*** Opening of RECORDS SHOWN ***
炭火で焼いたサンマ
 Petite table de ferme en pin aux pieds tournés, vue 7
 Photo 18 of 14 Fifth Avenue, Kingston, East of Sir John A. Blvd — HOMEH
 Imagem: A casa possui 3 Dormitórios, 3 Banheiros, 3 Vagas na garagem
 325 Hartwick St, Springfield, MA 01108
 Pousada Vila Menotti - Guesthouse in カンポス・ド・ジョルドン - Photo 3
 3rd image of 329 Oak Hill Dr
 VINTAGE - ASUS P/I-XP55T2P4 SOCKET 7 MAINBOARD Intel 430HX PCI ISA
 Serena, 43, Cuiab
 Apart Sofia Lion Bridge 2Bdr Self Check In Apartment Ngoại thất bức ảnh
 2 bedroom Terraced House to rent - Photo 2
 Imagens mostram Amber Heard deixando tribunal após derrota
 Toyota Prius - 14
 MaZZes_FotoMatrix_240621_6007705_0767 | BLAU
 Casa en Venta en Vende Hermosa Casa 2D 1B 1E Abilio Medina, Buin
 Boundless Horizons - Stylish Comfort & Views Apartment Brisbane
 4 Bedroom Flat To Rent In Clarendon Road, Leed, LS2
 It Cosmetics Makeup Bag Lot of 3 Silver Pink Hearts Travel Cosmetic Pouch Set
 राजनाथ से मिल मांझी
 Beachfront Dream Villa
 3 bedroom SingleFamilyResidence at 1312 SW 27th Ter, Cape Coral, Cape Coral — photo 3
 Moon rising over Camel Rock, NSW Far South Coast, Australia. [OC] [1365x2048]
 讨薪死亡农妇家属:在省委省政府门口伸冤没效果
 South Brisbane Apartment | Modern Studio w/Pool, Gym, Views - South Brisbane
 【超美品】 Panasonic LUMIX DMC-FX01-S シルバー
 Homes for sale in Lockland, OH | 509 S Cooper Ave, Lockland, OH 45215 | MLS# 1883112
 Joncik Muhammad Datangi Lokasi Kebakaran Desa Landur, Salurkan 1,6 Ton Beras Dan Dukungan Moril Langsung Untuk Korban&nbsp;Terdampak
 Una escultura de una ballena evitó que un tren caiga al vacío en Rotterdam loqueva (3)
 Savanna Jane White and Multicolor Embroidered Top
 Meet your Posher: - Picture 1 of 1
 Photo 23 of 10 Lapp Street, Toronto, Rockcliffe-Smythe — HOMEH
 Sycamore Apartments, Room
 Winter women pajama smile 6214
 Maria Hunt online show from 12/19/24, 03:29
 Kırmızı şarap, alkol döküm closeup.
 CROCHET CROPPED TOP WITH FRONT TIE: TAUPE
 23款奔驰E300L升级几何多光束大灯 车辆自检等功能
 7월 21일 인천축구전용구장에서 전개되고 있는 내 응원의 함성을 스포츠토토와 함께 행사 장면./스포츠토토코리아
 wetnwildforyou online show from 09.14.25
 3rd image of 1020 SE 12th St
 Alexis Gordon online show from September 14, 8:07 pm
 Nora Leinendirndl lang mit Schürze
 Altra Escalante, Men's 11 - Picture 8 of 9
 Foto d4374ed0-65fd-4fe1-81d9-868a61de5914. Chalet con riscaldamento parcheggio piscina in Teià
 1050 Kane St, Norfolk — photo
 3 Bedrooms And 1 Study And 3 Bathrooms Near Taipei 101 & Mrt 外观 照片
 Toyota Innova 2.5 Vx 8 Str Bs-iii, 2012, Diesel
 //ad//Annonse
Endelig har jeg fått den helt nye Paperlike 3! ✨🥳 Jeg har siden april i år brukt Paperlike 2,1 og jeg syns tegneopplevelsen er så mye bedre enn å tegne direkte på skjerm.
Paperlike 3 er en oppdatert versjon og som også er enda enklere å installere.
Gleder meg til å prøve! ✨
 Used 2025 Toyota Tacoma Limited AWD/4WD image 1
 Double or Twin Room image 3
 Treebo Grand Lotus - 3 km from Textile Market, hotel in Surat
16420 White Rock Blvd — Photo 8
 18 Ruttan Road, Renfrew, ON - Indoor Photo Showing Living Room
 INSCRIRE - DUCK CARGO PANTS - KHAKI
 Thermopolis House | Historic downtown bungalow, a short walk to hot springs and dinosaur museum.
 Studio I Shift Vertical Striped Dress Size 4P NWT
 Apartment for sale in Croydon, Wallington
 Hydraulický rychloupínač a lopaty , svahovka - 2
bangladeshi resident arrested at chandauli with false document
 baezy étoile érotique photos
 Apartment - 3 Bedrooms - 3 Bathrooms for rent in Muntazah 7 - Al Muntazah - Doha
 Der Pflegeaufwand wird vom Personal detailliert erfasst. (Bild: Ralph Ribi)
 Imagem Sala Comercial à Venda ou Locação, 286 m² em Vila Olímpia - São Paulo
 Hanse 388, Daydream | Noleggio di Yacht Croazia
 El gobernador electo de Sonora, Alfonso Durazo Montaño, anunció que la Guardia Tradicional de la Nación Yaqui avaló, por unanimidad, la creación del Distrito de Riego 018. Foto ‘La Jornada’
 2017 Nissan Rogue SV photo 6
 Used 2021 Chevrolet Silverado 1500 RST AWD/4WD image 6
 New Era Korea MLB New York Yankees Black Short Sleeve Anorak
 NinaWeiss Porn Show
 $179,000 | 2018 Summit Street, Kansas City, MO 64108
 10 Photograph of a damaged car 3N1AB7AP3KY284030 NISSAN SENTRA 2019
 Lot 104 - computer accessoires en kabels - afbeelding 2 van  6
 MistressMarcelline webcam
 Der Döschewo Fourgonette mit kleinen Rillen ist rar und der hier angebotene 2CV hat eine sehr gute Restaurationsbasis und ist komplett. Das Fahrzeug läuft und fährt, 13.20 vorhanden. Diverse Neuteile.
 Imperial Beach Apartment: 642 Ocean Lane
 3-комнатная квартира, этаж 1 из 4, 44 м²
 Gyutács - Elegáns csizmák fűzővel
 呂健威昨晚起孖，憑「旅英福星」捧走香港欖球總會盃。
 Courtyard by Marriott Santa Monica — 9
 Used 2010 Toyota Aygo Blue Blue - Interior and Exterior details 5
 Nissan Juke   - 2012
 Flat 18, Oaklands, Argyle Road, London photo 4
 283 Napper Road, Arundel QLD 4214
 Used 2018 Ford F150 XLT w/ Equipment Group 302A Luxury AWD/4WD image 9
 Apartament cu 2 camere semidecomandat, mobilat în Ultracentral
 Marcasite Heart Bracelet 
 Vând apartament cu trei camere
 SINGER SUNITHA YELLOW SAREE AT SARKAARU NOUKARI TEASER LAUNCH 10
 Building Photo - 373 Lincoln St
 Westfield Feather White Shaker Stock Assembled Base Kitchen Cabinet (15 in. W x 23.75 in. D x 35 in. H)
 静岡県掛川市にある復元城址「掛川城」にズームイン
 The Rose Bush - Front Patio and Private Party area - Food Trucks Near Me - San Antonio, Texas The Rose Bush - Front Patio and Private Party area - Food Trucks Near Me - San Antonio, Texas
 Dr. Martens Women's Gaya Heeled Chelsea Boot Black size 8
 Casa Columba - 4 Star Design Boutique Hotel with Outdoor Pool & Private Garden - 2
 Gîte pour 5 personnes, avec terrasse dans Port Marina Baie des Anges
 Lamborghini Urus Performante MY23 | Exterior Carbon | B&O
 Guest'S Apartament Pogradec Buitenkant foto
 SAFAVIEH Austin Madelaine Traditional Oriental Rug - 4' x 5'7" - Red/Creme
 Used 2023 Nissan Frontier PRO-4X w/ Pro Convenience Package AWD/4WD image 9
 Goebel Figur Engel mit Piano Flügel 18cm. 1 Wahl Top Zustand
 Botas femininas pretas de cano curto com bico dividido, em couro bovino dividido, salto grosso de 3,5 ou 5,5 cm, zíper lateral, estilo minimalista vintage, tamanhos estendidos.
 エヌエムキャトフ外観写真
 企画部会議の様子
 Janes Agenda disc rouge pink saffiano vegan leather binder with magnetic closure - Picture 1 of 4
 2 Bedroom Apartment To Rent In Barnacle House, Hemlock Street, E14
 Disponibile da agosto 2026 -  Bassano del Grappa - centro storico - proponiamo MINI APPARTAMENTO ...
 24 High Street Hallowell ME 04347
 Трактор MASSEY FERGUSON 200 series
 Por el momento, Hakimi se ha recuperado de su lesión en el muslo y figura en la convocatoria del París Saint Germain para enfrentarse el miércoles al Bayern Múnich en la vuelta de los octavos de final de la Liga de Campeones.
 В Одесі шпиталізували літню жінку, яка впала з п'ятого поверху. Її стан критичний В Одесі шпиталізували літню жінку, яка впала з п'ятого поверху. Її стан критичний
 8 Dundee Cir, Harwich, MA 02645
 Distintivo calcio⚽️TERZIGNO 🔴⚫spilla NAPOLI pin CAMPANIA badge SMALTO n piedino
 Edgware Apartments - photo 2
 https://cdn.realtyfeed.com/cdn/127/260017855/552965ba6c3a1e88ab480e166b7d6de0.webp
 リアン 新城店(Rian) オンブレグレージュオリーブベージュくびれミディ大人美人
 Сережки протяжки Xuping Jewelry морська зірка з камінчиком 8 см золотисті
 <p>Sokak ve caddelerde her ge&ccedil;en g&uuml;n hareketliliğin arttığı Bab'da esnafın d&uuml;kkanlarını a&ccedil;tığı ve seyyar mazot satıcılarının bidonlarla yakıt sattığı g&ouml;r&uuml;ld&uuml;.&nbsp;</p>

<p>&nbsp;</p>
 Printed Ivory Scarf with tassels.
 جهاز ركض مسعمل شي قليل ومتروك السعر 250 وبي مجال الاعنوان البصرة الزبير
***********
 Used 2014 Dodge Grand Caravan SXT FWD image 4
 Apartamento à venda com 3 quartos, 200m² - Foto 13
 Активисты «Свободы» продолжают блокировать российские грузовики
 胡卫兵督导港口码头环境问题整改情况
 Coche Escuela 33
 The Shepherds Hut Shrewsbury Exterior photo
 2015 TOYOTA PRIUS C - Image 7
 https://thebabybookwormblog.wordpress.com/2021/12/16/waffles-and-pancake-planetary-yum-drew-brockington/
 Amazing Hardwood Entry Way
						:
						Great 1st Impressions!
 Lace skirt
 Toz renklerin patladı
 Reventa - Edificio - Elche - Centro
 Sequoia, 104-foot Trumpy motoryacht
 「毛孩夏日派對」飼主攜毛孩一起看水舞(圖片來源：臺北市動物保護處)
*** Close of RECORDS SHOWN ***
### WORK ITEM
Using the data above, reproduce exactly the lines between those holding "Studio I Shift" and "Hanse 388, Daydream", inclusive, and no others.

### WRITTEN RESPONSE
 Studio I Shift Vertical Striped Dress Size 4P NWT
 Apartment for sale in Croydon, Wallington
 Hydraulický rychloupínač a lopaty , svahovka - 2
bangladeshi resident arrested at chandauli with false document
 baezy étoile érotique photos
 Apartment - 3 Bedrooms - 3 Bathrooms for rent in Muntazah 7 - Al Muntazah - Doha
 Der Pflegeaufwand wird vom Personal detailliert erfasst. (Bild: Ralph Ribi)
 Imagem Sala Comercial à Venda ou Locação, 286 m² em Vila Olímpia - São Paulo
 Hanse 388, Daydream | Noleggio di Yacht Croazia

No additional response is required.